■ TASK DETAILS
Write out every line exactly, from the start of the records below to the line with "Hey everybody, in", and stop there. Don't write out the pictures.

Extracted records:

"""

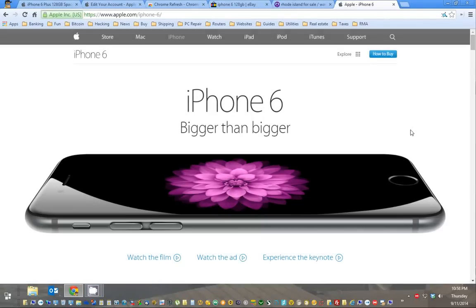Hello, this is Nick from ReviewOutlaw.com. Today I'm going to show you how to pre-order the iPhone 6.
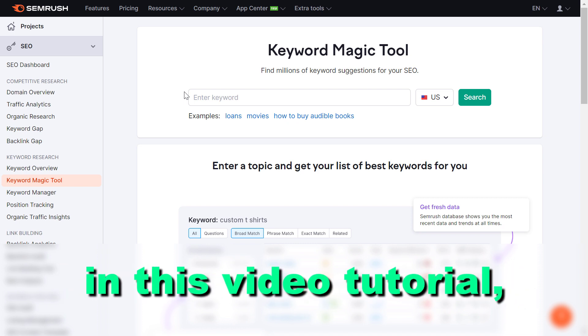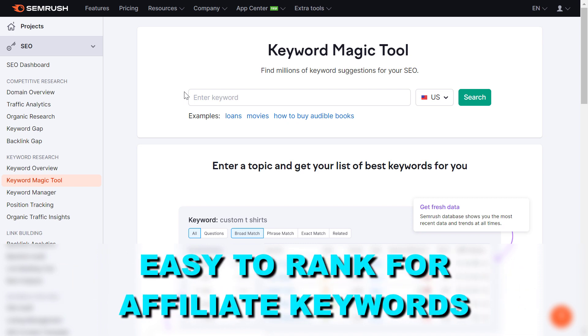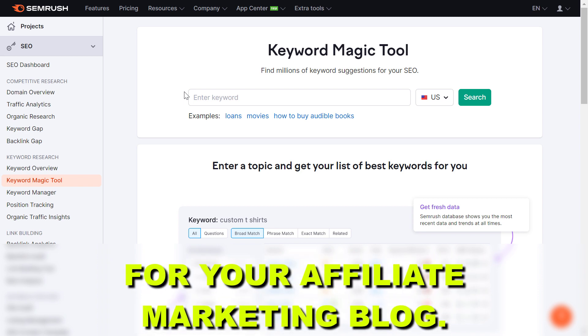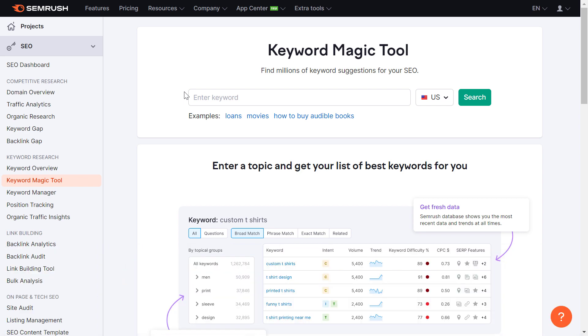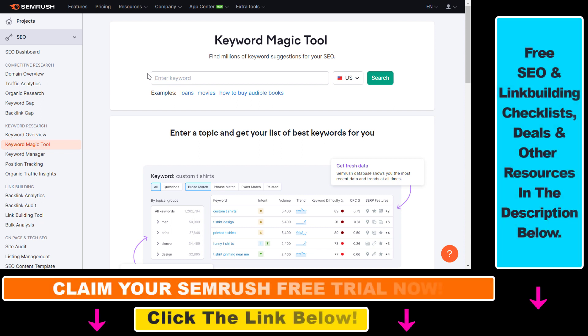Hey everybody, in this video tutorial I'm going to show you how to find easy-to-rank-for affiliate keywords for your affiliate marketing blog. So even if you have a relatively low authority affiliate marketing website, you can still find keywords that are relatively easy to rank for if you are writing good content on them, and you might not even have to build backlinks to these kinds of content.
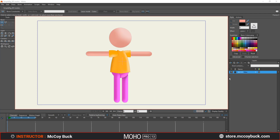Hey, how's it going? This is McCoyBuck, and in this tutorial I'm going to show you how to create a simple rigged character. This tutorial will be perfect for you if you're just learning how to rig, or maybe you have a little bit of experience in Moho but you're still not quite understanding the rigging process. This video is going to be perfect for you.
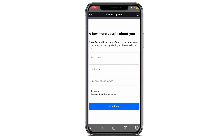If you want to book an appointment for today, yesterday, or any date you want, you can do it. Thank you so much for watching, and please subscribe to our channel.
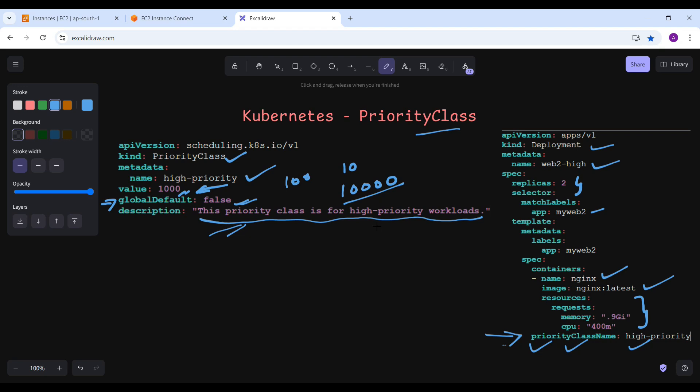If the cluster is under heavy load, the pod with a higher priority class will be scheduled first. The lower priority pod may be evicted to make room for the higher priority pod and it goes into the pending state. If there is already a pod running without any priority class and there is no room for a new pod that has a higher priority class, that existing pod will be evicted or goes into pending state to allow the high priority pod to deploy first.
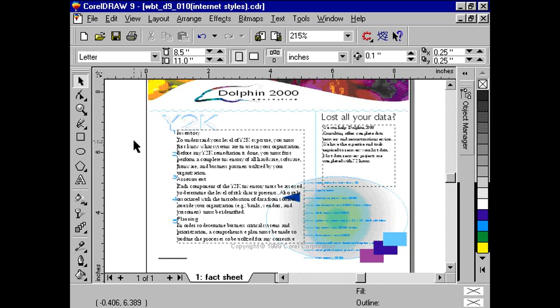Let's take our Dolphin 2000 promotional document that we used in the previous module. What we want to do is take our fact sheet and quickly make it internet ready by using the styles layout method. But first, we need to make some changes to the page layout.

"""

■ EXERCISE SOLUTION
Hello, this is Nick from ReviewOutlaw.com. Today I'm going to show you how to pre-order the iPhone 6.
Hey everybody, in this video tutorial I'm going to show you how to find easy-to-rank-for affiliate keywords for your affiliate marketing blog. So even if you have a relatively low authority affiliate marketing website, you can still find keywords that are relatively easy to rank for if you are writing good content on them, and you might not even have to build backlinks to these kinds of content.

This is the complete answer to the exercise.